5. Aspek Keamanan Pangan dan Hygiene: Perbedaan Signifikan antara Dulu dan Kini
Aspek keamanan pangan dan hygiene merupakan perbedaan paling mencolok antara MPASI zaman dulu dan sekarang. Di masa lalu, kesadaran akan keamanan pangan masih sangat rendah. Praktik pengolahan makanan yang kurang higienis, seperti penggunaan air yang tidak bersih dan peralatan memasak yang tidak steril, merupakan hal yang umum terjadi. Risiko kontaminasi bakteri dan patogen lainnya sangat tinggi, yang dapat menyebabkan diare, infeksi, dan masalah kesehatan lainnya pada bayi. Kurangnya pengetahuan tentang gizi dan nutrisi juga dapat menyebabkan bayi kekurangan zat gizi penting, yang berdampak pada pertumbuhan dan perkembangannya. Saat ini, pengetahuan tentang keamanan pangan dan hygiene telah meningkat pesat. Sterilisasi peralatan makan, mencuci tangan, dan penggunaan air bersih menjadi praktik yang wajib dilakukan dalam pengolahan MPASI. Standar keamanan pangan yang ketat juga diterapkan dalam produksi makanan bayi kemasan.
6. Akses Informasi dan Edukasi: Ketersediaan Sumber Daya yang Lebih Baik Saat Ini
Perbedaan signifikan lainnya terletak pada akses informasi dan edukasi.
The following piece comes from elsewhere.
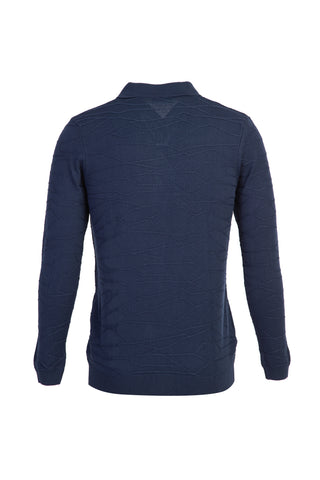  Orta Petrol Polo Yaka Regular Fit Desenli Triko Kazak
Di zaman dulu, informasi mengenai MPASI sangat terbatas dan hanya didapatkan melalui tradisi lisan dan pengalaman pribadi. Saat ini, informasi mengenai MPASI mudah diakses melalui berbagai sumber, seperti buku, internet, dan konsultasi dengan tenaga kesehatan. Pemerintah dan lembaga kesehatan juga aktif melakukan kampanye edukasi mengenai pemberian MPASI yang tepat. Ketersediaan informasi yang luas ini membantu para orang tua membuat keputusan yang lebih tepat dalam memberikan MPASI kepada bayinya. Akses pada layanan kesehatan dan tenaga ahli gizi juga lebih mudah diperoleh saat ini, sehingga para orang tua dapat berkonsultasi dan mendapatkan dukungan yang dibutuhkan dalam memberikan MPASI yang optimal untuk pertumbuhan dan perkembangan bayinya.